INFORMATION GIVEN —
[Start of Attachment]
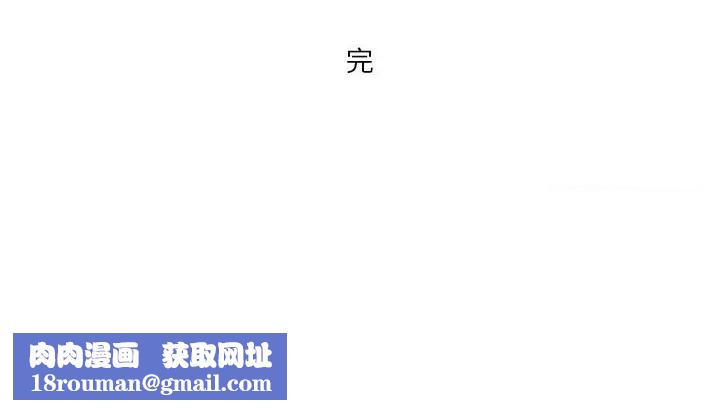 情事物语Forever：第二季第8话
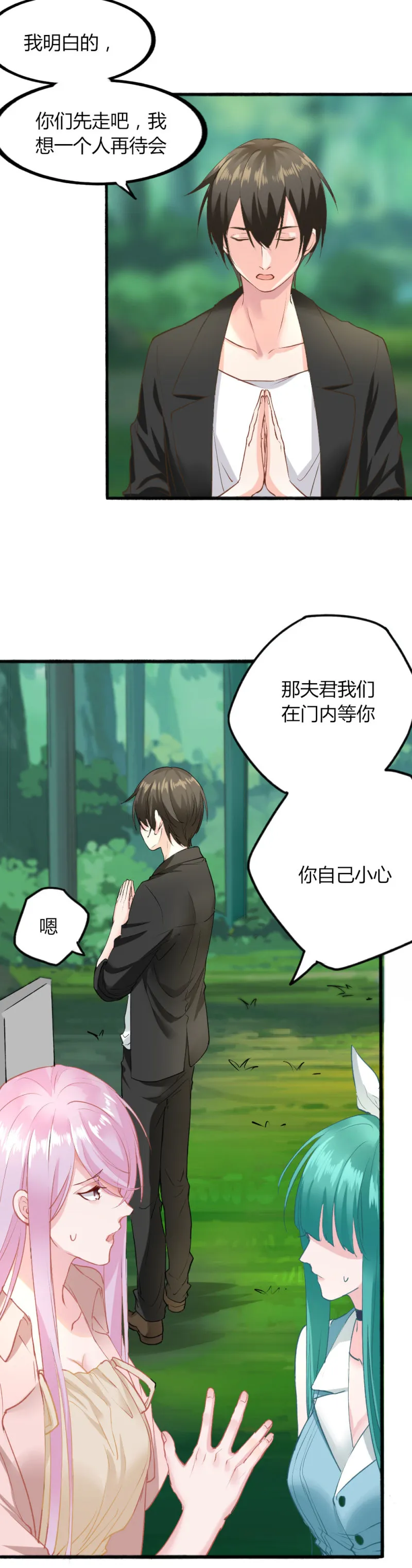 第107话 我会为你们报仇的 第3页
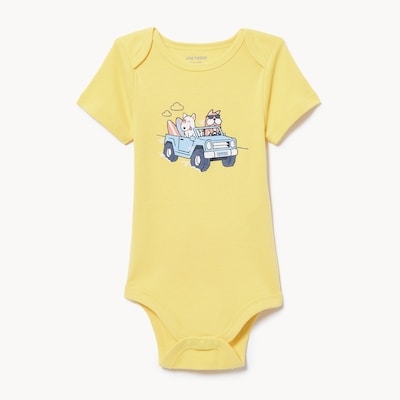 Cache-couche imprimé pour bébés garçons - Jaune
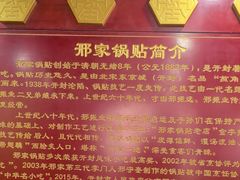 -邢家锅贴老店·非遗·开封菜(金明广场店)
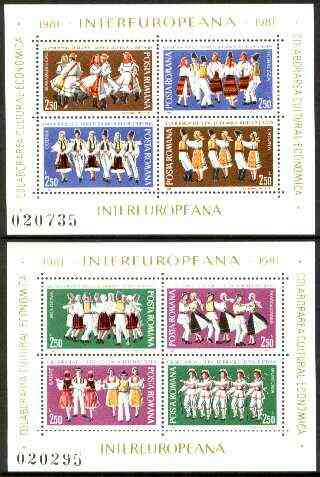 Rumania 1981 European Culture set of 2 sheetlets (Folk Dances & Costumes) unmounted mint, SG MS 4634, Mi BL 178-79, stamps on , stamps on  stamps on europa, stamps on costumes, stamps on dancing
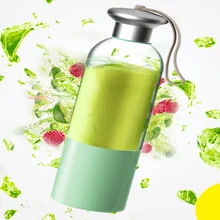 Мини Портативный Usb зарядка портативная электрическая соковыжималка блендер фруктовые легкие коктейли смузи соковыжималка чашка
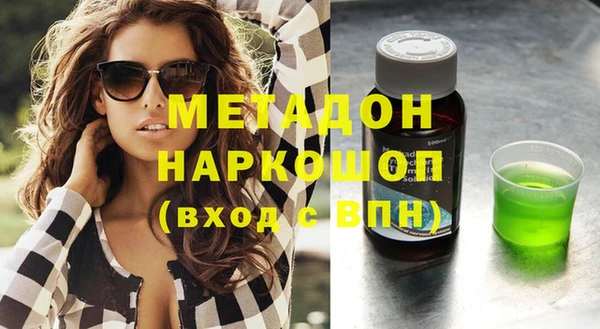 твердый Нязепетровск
[End of Attachment]
[Start of Attachment]
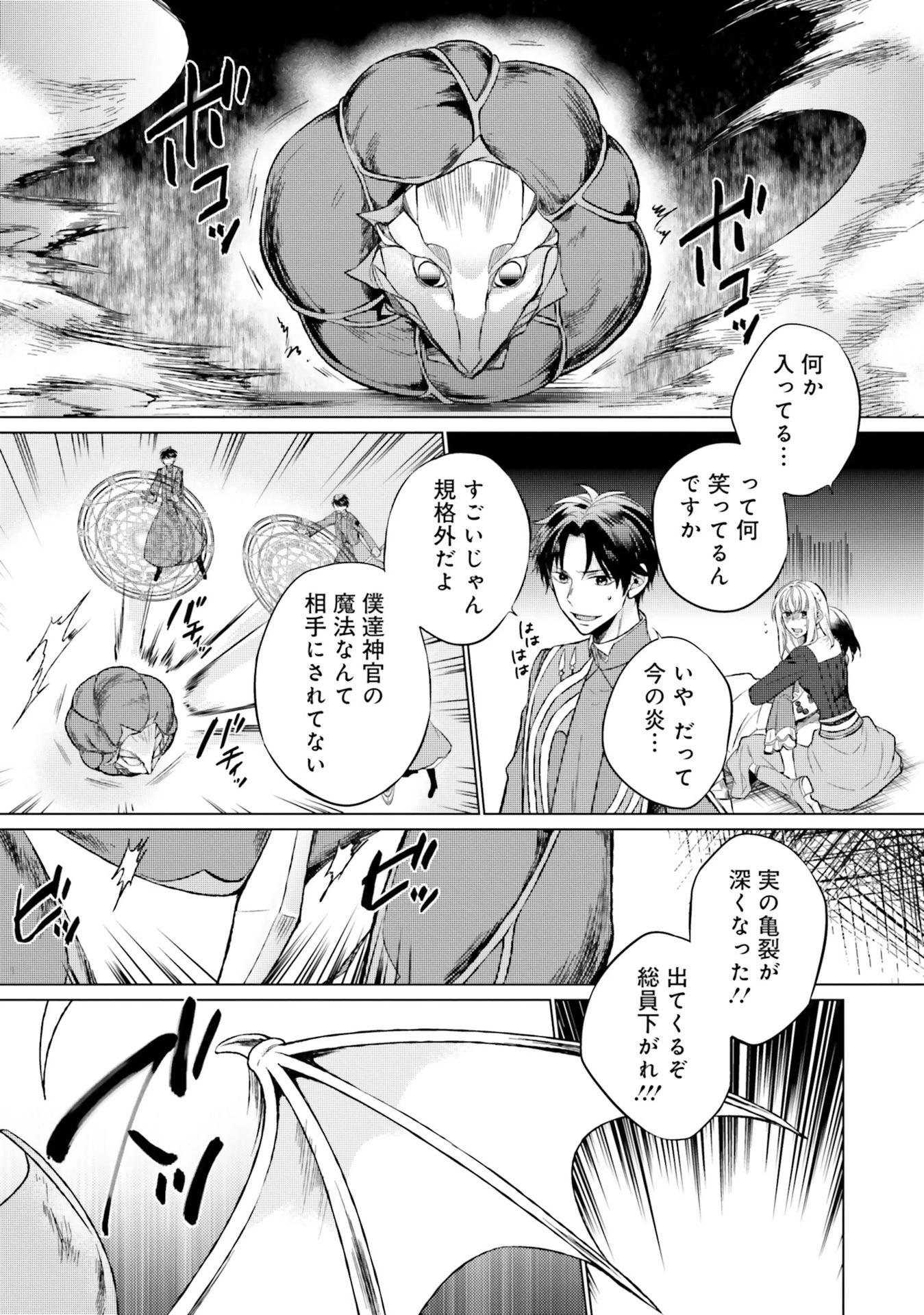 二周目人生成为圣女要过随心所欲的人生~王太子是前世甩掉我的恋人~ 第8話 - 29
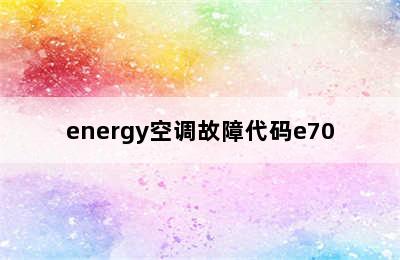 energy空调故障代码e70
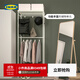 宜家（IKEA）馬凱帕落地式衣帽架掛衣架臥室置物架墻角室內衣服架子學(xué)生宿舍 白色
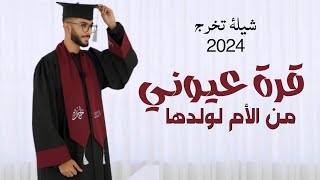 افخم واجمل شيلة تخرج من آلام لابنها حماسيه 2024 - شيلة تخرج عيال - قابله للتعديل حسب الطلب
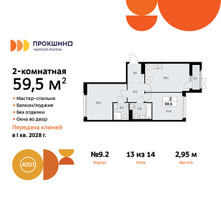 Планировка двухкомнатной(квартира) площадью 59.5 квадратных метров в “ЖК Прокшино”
[End of Attachment]
[Start of Attachment]
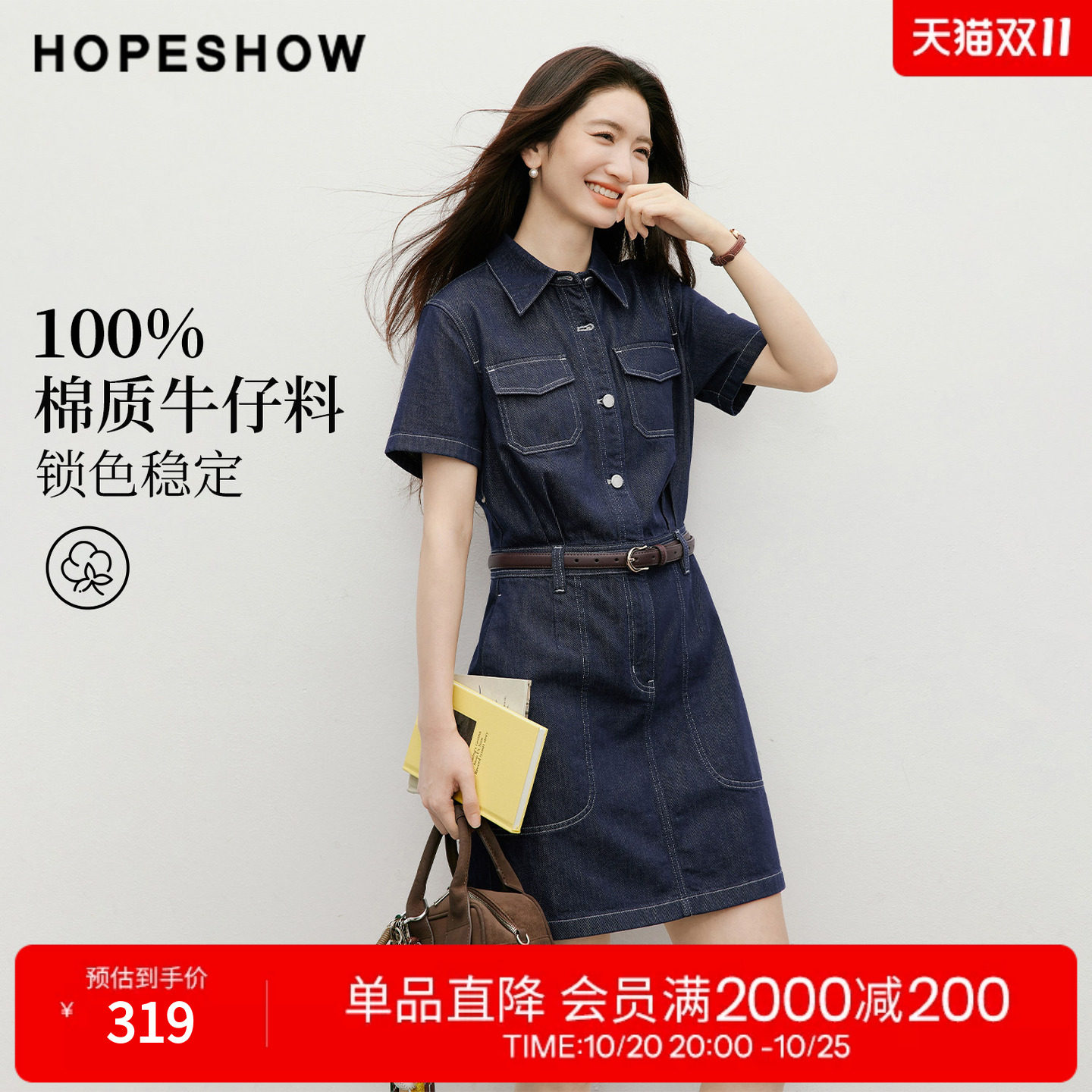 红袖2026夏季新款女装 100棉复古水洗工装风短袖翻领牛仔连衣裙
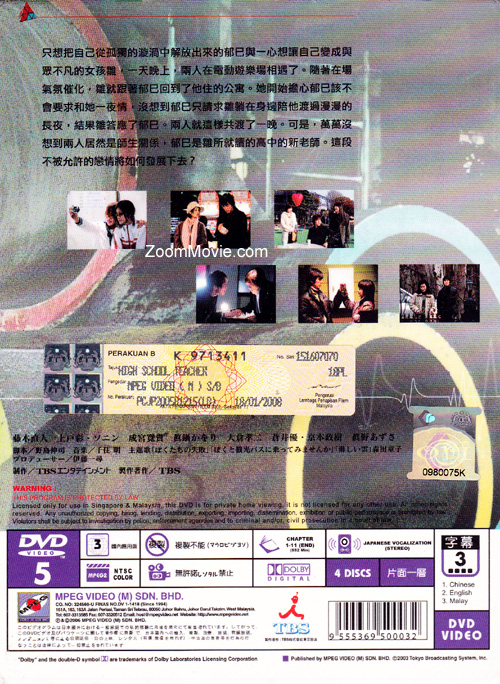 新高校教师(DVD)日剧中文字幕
[End of Attachment]
Going by the data above, the answer is exactly the lines from the one holding "energy空调故障代码e70" to the one holding "Планировка двухкомнатной(квартира) площадью", both kept, with the pictures left out.

RESULT FOR THIS TASK —
 energy空调故障代码e70
 宜家（IKEA）馬凱帕落地式衣帽架掛衣架臥室置物架墻角室內衣服架子學(xué)生宿舍 白色
 افخم واجمل شيلة تخرج من آلام لابنها حماسيه 2024 - شيلة تخرج عيال - قابله للتعديل حسب الطلب
 Планировка двухкомнатной(квартира) площадью 59.5 квадратных метров в “ЖК Прокшино”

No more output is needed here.